6 Pretraining LLMs

“Pretraining” is the part where you take a freshly initialized transformer with hundreds of billions of parameters and feed it the internet, optimizing next-token cross-entropy until something interesting happens. This chapter is about what that process actually looks like.

6.1 The objective

Next-token prediction. Given a sequence of tokens x_1, \ldots, x_T, minimize \mathcal{L}(\theta) = -\sum_{i=1}^{T} \log p_\theta(x_i \mid x_{<i}). That is it. Every other capability of an LLM — translating, summarizing, writing code, doing arithmetic, reasoning — emerges as a side effect of being very good at this one task. Whether that should have been surprising in advance is a useful philosophical question that no one has a satisfying answer to.

6.2 Tokens, not characters

Models do not see raw text. They see sequences of tokens from a fixed vocabulary of \sim 50\text{k}–200\text{k} symbols, produced by a byte-pair encoding (BPE) or similar subword tokenizer. Roughly: common words are one token, rare words are split into a few tokens, and arbitrary byte sequences fall back to single-byte tokens. Typical English text averages \sim 0.75 tokens per word.

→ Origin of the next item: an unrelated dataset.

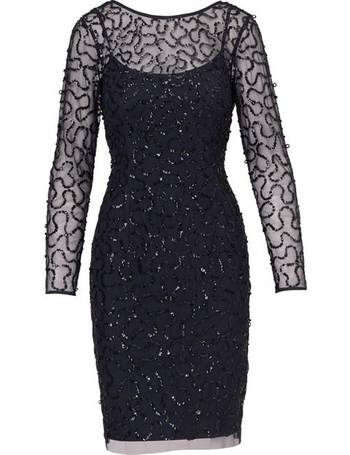 Shop Women s House Of Fraser Beaded Dresses up to 95 Off DealDoodle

Tokenization is a leaky abstraction with real consequences:

Numerical reasoning is harder because numbers are tokenized inconsistently (“123” might be one token, “124” two).
Non-English languages can need 2–5× more tokens for the same content.
Code, with its many short symbols, tokenizes efficiently.

6.3 The data

A frontier pretraining dataset in 2025 contains \sim 10–30 trillion tokens. Composition varies but typically:

~60–80% general web text (Common Crawl, filtered aggressively)
~10–20% code (GitHub-derived)
~5–15% high-quality curated text (books, papers, Wikipedia)
~5–10% multilingual data
A growing fraction of synthetic data, generated by previous models

Filtering is where the alpha lives. The most important single piece of preprocessing is deduplication — both exact and approximate — which improves loss meaningfully for any fixed training budget. Quality classifiers (small models trained to predict whether a document looks like a “good” page) are used to upweight or downsample.

6.4 The compute

A frontier 2025 run is on the order of 10^{25}–10^{26} FLOPs, spread across 10^4–10^5 GPUs for weeks. At Chinchilla-optimal ratios (\sim 20 tokens per parameter) this corresponds to models in the hundreds of billions of parameters trained on tens of trillions of tokens; in practice models are smaller and trained longer because inference matters too.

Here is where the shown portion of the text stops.